- _Dataset records_:
---------------
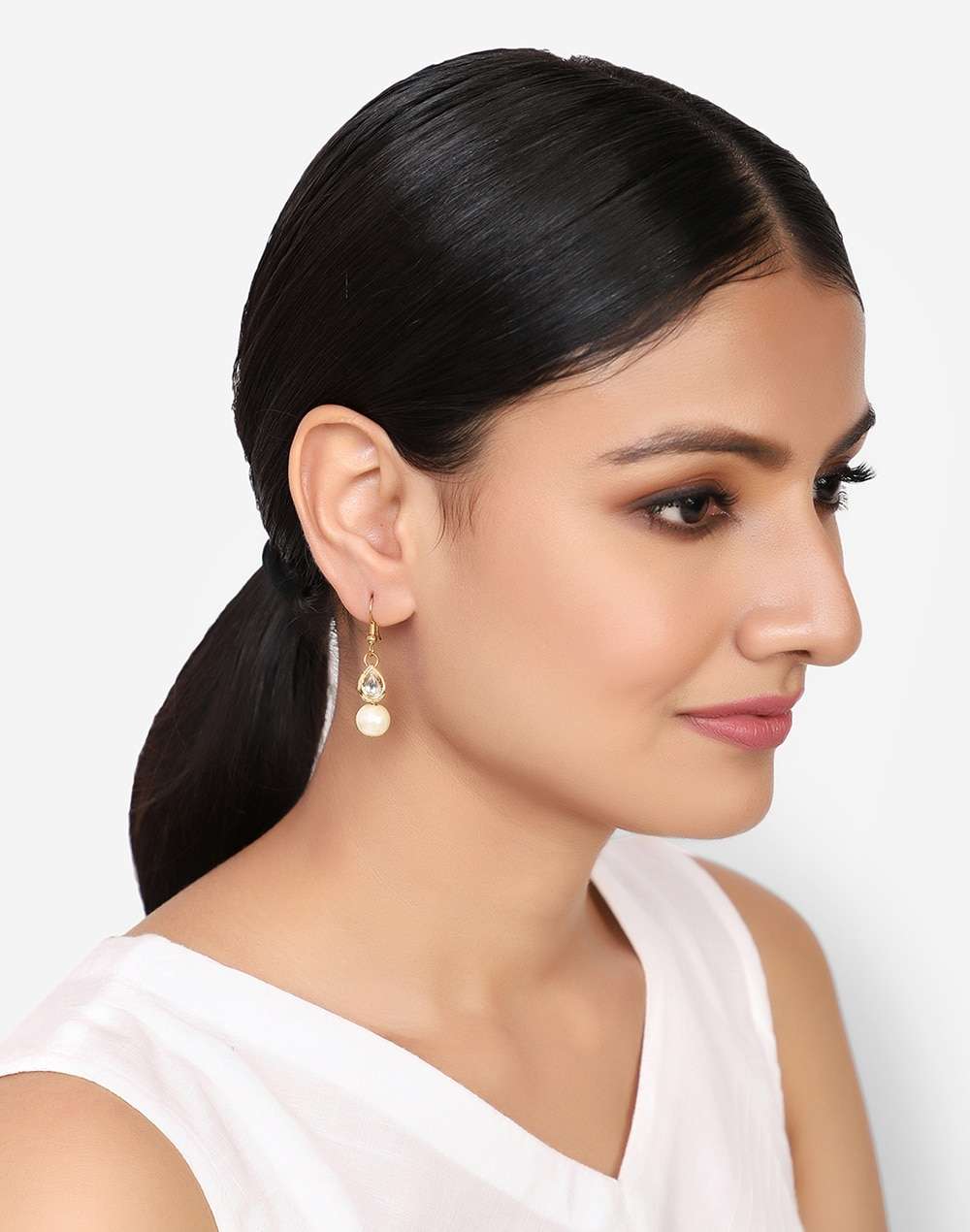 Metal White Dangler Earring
---------------
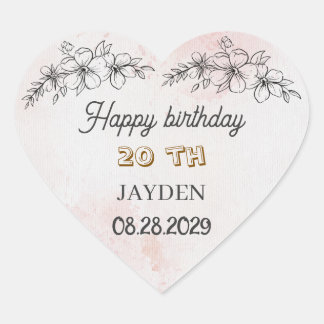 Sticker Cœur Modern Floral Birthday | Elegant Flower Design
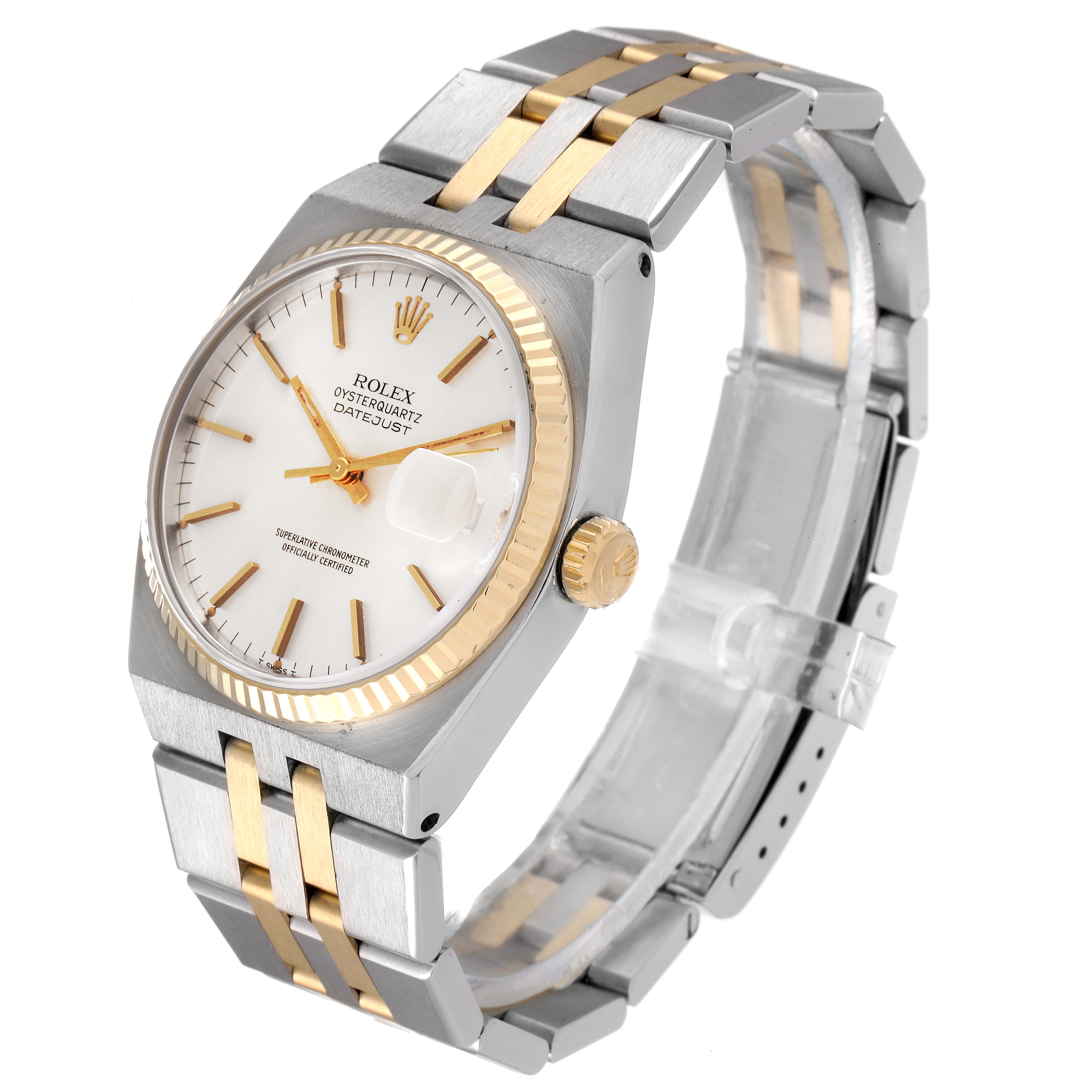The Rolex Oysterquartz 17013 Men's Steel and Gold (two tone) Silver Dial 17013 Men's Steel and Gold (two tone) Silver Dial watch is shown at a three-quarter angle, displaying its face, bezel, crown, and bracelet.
---------------
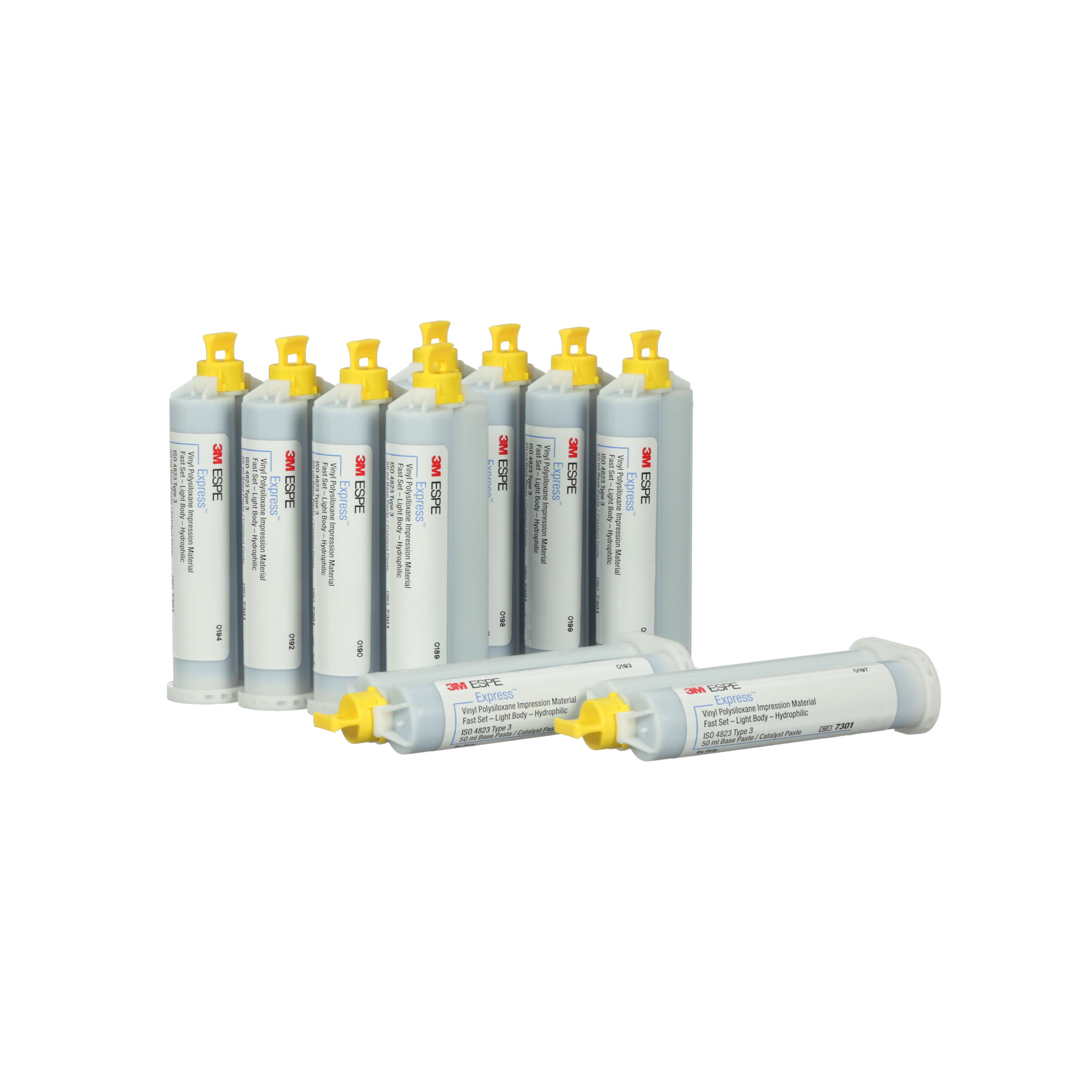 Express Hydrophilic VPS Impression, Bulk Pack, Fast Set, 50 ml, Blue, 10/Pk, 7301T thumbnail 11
---------------
- _What to work on_: Take the material above from the line containing "Sticker Cœur Modern" up to and including the line containing "The Rolex Oysterquartz" and retype it exactly, without any pictures.

- _Task result_:
 Sticker Cœur Modern Floral Birthday | Elegant Flower Design
The Rolex Oysterquartz 17013 Men's Steel and Gold (two tone) Silver Dial 17013 Men's Steel and Gold (two tone) Silver Dial watch is shown at a three-quarter angle, displaying its face, bezel, crown, and bracelet.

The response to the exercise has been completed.